Prompt
Search the records below for "Golden Crispy Appetizers on White Background". Return that line and all remaining lines exactly.

Data entries:
-----

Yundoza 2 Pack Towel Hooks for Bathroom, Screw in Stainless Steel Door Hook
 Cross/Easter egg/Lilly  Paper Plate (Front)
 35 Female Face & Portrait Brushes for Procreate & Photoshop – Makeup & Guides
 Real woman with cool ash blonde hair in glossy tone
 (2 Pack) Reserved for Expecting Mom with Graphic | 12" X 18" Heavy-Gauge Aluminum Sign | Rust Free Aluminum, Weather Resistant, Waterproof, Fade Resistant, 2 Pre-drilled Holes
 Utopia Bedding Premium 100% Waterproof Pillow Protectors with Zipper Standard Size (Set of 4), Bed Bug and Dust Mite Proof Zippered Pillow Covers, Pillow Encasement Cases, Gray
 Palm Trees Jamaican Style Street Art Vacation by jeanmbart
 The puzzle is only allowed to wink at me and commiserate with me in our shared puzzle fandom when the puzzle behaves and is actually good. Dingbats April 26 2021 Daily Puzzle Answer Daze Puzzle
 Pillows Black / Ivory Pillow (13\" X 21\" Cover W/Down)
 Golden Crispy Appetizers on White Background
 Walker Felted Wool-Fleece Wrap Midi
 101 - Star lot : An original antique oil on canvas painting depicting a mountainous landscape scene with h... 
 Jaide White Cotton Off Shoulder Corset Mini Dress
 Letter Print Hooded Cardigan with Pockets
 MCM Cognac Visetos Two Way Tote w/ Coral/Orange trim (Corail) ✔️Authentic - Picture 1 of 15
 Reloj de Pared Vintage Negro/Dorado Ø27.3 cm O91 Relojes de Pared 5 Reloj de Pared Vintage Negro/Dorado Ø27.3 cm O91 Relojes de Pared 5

-----

Result for this task
 Golden Crispy Appetizers on White Background
 Walker Felted Wool-Fleece Wrap Midi
 101 - Star lot : An original antique oil on canvas painting depicting a mountainous landscape scene with h... 
 Jaide White Cotton Off Shoulder Corset Mini Dress
 Letter Print Hooded Cardigan with Pockets
 MCM Cognac Visetos Two Way Tote w/ Coral/Orange trim (Corail) ✔️Authentic - Picture 1 of 15
 Reloj de Pared Vintage Negro/Dorado Ø27.3 cm O91 Relojes de Pared 5 Reloj de Pared Vintage Negro/Dorado Ø27.3 cm O91 Relojes de Pared 5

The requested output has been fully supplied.